Ce qui a rendu le jeu mémorable, c’est justement de ne pas avoir laissé au joueur le plaisir de donner sa réponse. En étant confrontés à une décision difficile et qui n’est pas la nôtre, nous nous posions mille questions : qu’aurais-je fait à la place de Joel ? Pourquoi a-t-il agi ainsi ? Ellie va-t-elle rejeter Joel ou va-t-elle fermer les yeux pour préserver leur relation ?
Alors que les crédits défilent, nous parcourons toutes les éventualités dans notre esprit et finalement, nous prenons position bien plus farouchement que si le jeu nous avait proposé le choix [Sacrifier Ellie] / [Sauver Ellie] avec différentes fins que l’on aurait regardées en New Game+. Ironiquement, cette fin unique nous pose un bien plus grand dilemme que des fins multiples.
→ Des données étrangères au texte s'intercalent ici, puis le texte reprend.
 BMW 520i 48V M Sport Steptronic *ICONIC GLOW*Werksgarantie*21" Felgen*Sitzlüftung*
Elle est aussi bien plus interactive, les discussions autour de cette fin ayant certainement contribué à la renommée du jeu.
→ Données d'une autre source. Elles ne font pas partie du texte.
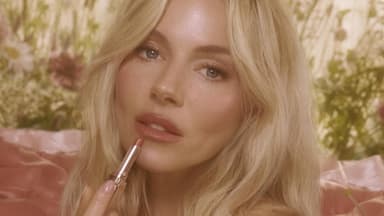 Sienna Miller für Pillow Talk 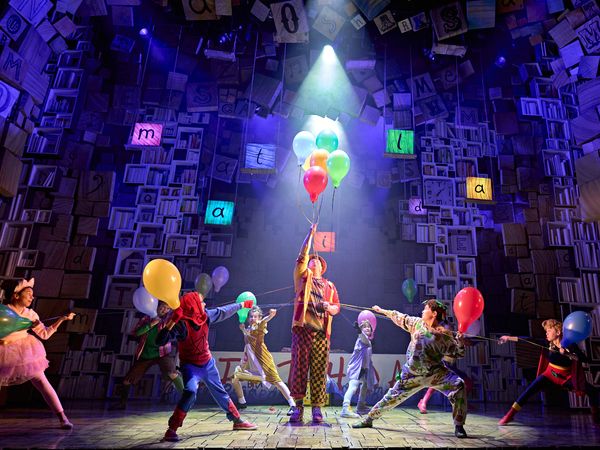 Photos: MATILDA THE MUSICAL Celebrates its 10th Birthday; All New Production Photos Released! — photo 13 of 22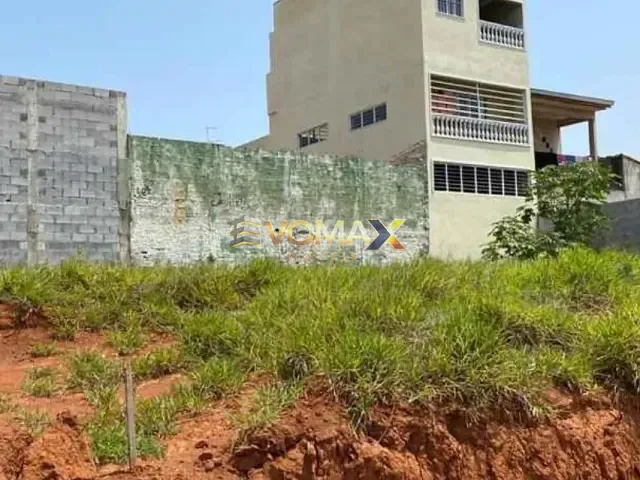 Terreno com 210m², à venda, no bairro Vila Nastri em Itapetininga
Alors, lorsque quelques joueurs sur Internet ont à l’époque critiqué le jeu pour l’absence de choix, je m’étais simplement dit qu’ils étaient un peu trop habitués aux codes du jeu vidéo mais avaient quand même, au fond d’eux, profité de tout l’impact de cette fin singulière. Par contre, j’ai été interpellé lorsque le schéma s’est répété cette année, en pire. J’ai pu lire des critiques incisives sur Part II, de la part des joueurs comme de la presse, avec comme argument principal : « J’aurais voulu qu’Ellie tue Abby à la fin ! Moi, j’aurais voulu pardonner Abby plus tôt ! »
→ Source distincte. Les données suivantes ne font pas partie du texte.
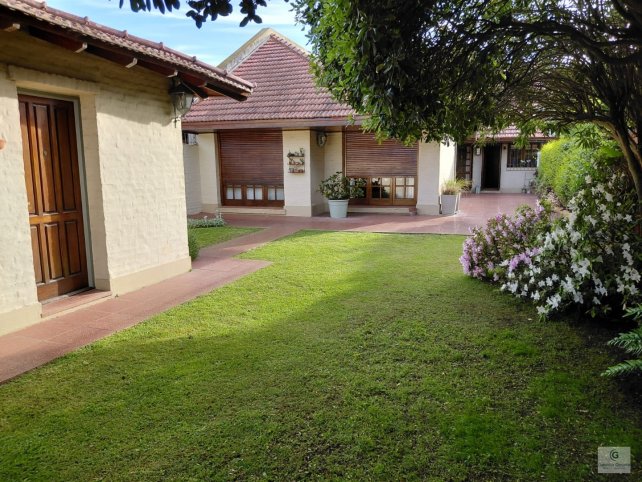Casa 3 dorm, 95m² con garage — Santamarina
Le jeu est construit de sorte qu’on ne peut qu’avoir des réactions fortes et des désaccords avec les personnages. Il est bien normal d’avoir une position sur le sujet, mais pourquoi donc faudrait-il pouvoir l’exprimer in game, plier les personnages en fonction de nos valeurs ?
Je suis d’abord tombé sur la critique de Maddy Myers titrée « We’re better than this » pour Polygon.1 L’autrice reproche au jeu, entre autres choses, de l’obliger à incarner un personnage obsédé par une vengeance avec laquelle elle ne s’identifie pas. Allant jusqu’à qualifier l’expérience de « torture » si l’on est en désaccord avec les choix de Joel et d’Ellie, puisque le jeu tenterait de nous faire culpabiliser pour des choix que nous n’avons pas fait.
Cette remarque, très récurrente chez les détracteurs du jeu, suggère que The Last of Us Part II aurait la même approche que Spec Ops: The Line et tous ces autres jeux PS3 dont le gimmick était d’utiliser un héros passe-partout dans un environnement standard pour endormir le joueur, avant de forcer ce dernier à faire des trucs « horribles » tels que… tuer des gens ; le but étant ensuite de le confronter aux conséquences de ses actes et ainsi amener une sorte de réflexion sur la violence. Je ne vais pas vous mentir, Spec Ops m’avait tout de même fait un petit effet à l’époque, mais je ne peux pas dire que je le recommanderais aujourd’hui. En tout cas, il me paraît malhonnête d’affirmer que The Last of Us Part II n’en serait qu’une redite en HD ou de réduire sa proposition au message « la violence, c’est mal ».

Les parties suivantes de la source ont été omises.